Monday, June 4, 2018

If I Lose My Mind

It's been almost two weeks since I posted anything, and I know I say I'm sorry- I probably am. But then I just can't seem to break from the fog that holds me hostage.

It's amazing that I can even get my school work done and make dinner. Sometimes, I don't even know where the time goes. I work and work and get nowhere. Maybe it's like quicksand, I would have no idea because I've never been in quicksand. I think I know what to do, but I know me, I would flake the fuck out if I was drowning in quick sand.

Years ago, I wrote all the time. Dedicated to it. And now it feels like I've lost the dedicated feeling. Except for April, I have no problem writing a new poem every day and posting. But I guess, there's not much more to say about that. 

I sit around thinking of great things to write, these thought provoking phrases come and go and by the time I sit down to write, it all vanishes. And I want to maybe post at least a 100 words. That is nothing. But for some reason 100 words is quite difficult. These thoughts combine with the thoughts about my creative work and it all gets flushed down the toilet.
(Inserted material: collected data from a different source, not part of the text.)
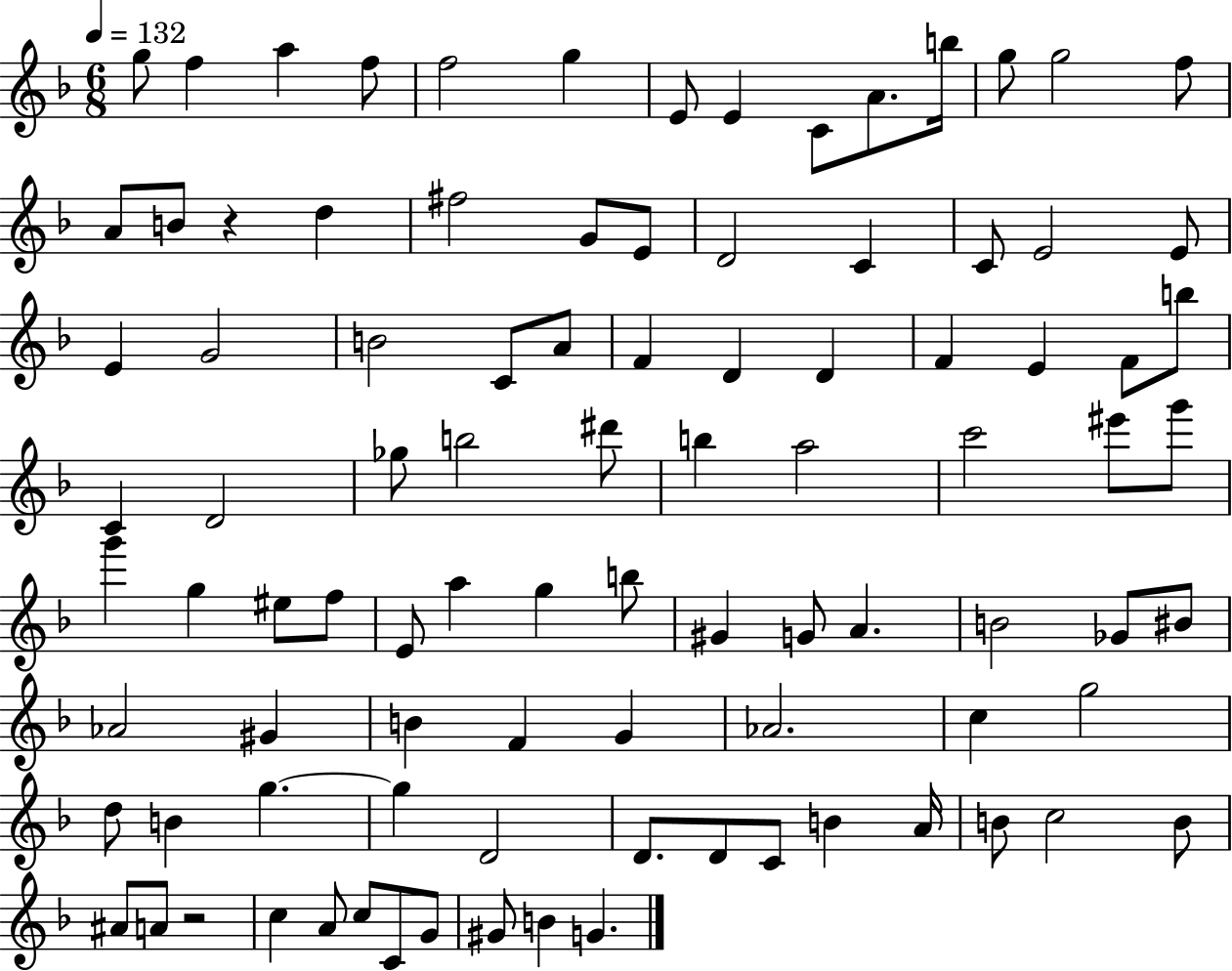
G5/e F5/q A5/q F5/e F5/h G5/q E4/e E4/q C4/e A4/e. B5/s G5/e G5/h F5/e A4/e B4/e R/q D5/q F#5/h G4/e E4/e D4/h C4/q C4/e E4/h E4/e E4/q G4/h B4/h C4/e A4/e F4/q D4/q D4/q F4/q E4/q F4/e B5/e C4/q D4/h Gb5/e B5/h D#6/e B5/q A5/h C6/h EIS6/e G6/e G6/q G5/q EIS5/e F5/e E4/e A5/q G5/q B5/e G#4/q G4/e A4/q. B4/h Gb4/e BIS4/e Ab4/h G#4/q B4/q F4/q G4/q Ab4/h. C5/q G5/h D5/e B4/q G5/q. G5/q D4/h D4/e. D4/e C4/e B4/q A4/s B4/e C5/h B4/e A#4/e A4/e R/h C5/q A4/e C5/e C4/e G4/e G#4/e B4/q G4/q.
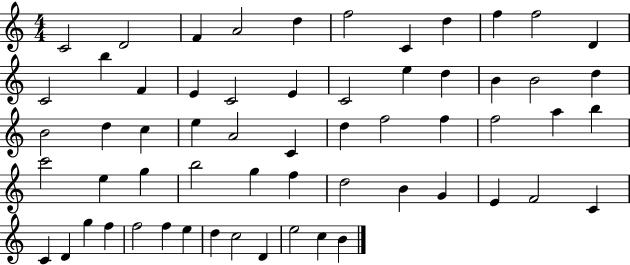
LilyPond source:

{
  \clef treble
  \numericTimeSignature
  \time 4/4
  \key c \major
  c'2 d'2 | f'4 a'2 d''4 | f''2 c'4 d''4 | f''4 f''2 d'4 | \break c'2 b''4 f'4 | e'4 c'2 e'4 | c'2 e''4 d''4 | b'4 b'2 d''4 | \break b'2 d''4 c''4 | e''4 a'2 c'4 | d''4 f''2 f''4 | f''2 a''4 b''4 | \break c'''2 e''4 g''4 | b''2 g''4 f''4 | d''2 b'4 g'4 | e'4 f'2 c'4 | \break c'4 d'4 g''4 f''4 | f''2 f''4 e''4 | d''4 c''2 d'4 | e''2 c''4 b'4 | \break \bar "|."
}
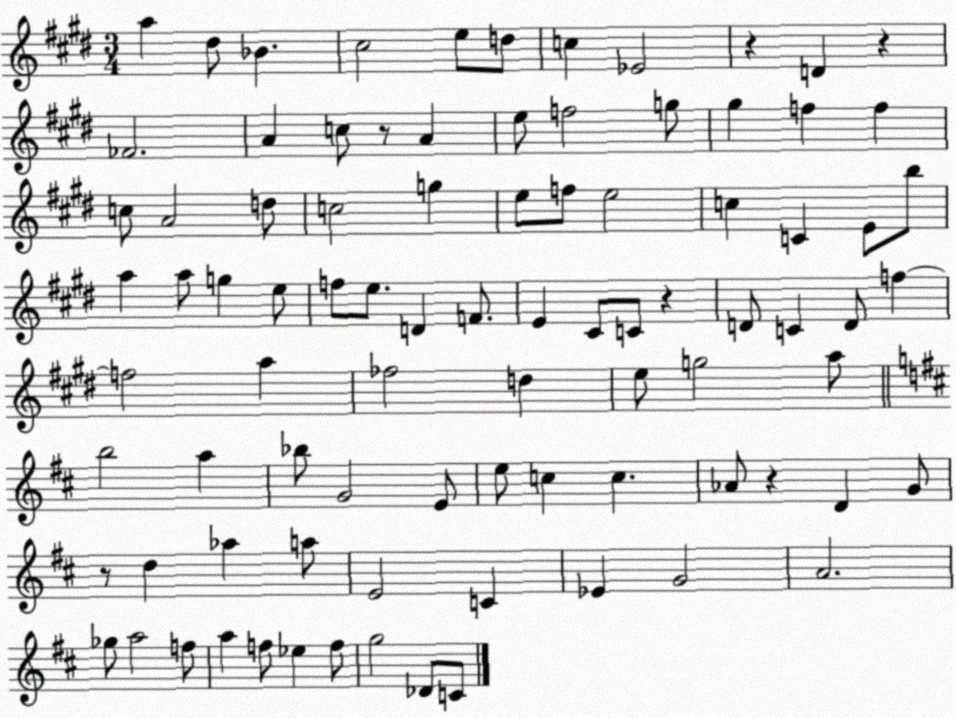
X:1
T:Untitled
M:3/4
L:1/4
K:E
a ^d/2 _B ^c2 e/2 d/2 c _E2 z D z _F2 A c/2 z/2 A e/2 f2 g/2 ^g f f c/2 A2 d/2 c2 g e/2 f/2 e2 c C E/2 b/2 a a/2 g e/2 f/2 e/2 D F/2 E ^C/2 C/2 z D/2 C D/2 f f2 a _f2 d e/2 g2 a/2 b2 a _b/2 G2 E/2 e/2 c c _A/2 z D G/2 z/2 d _a a/2 E2 C _E G2 A2 _g/2 a2 f/2 a f/2 _e f/2 g2 _D/2 C/2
I find myself daydreaming about the improbable- dreaming about fame I want but don't at the same time. The house on the beach or maybe in the Poconos. Or maybe both. Even my daydreams become blurred with the fiction I always seem to find myself in.

I told the doctor about this fog. I should've told her that if I lose my mind then I am nothing. But sometimes I wonder if I already lost my mind, and I just don't know it. I want to find those pieces of myself that went missing over the years. 

Once I think I found my writer's voice and now it seems missing again.

Well that's enough for today... who knows what tomorrow will bring. For now, I'm going out to mow the grass while there is a strong wind from the west and the sun peek a boo through the clouds. And maybe the wish fuzz will float in the breeze sparkling in sunshine.